> **What is needed**
With the images removed, repeat the data below exactly.

> **Given material**
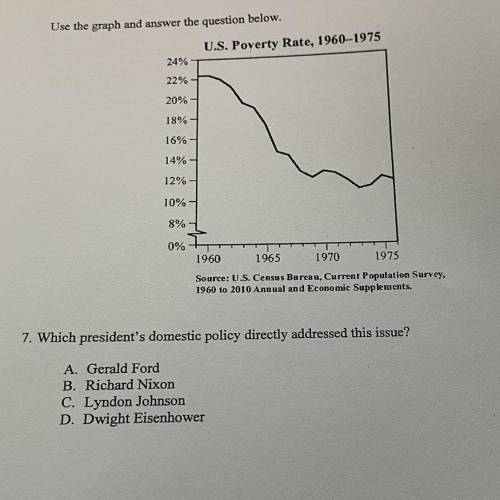 Use the graph and answer the question below.

7. Which president's domestic policy directly addres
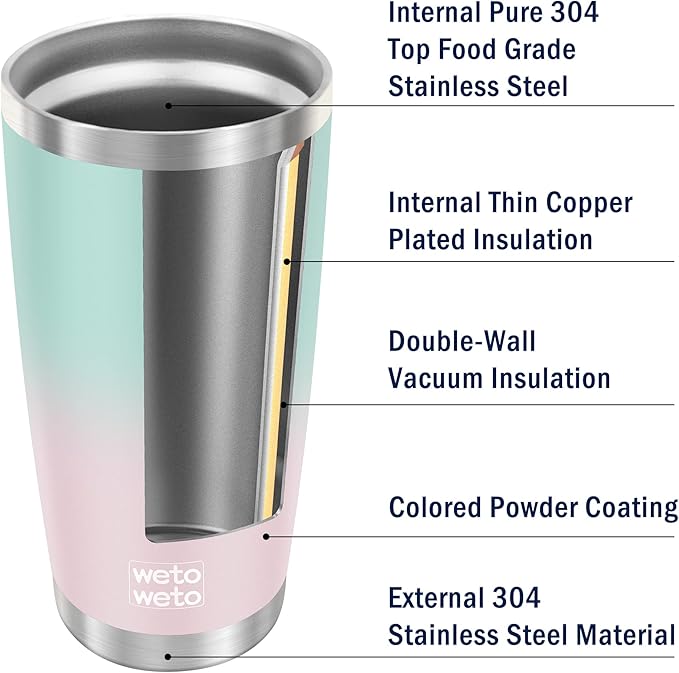 WETOWETO 20oz Insulated Stainless Steel Tumbler, Coffee Tumbler with 2 Lids and 2 Straws, Double Wall Vacuum Leak-proof Travel Coffee Mug, Powder Coated Water Cup (Green-Pink Gradient, 1 Pack)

> **Solved problem**
 Use the graph and answer the question below.

7. Which president's domestic policy directly addres
 WETOWETO 20oz Insulated Stainless Steel Tumbler, Coffee Tumbler with 2 Lids and 2 Straws, Double Wall Vacuum Leak-proof Travel Coffee Mug, Powder Coated Water Cup (Green-Pink Gradient, 1 Pack)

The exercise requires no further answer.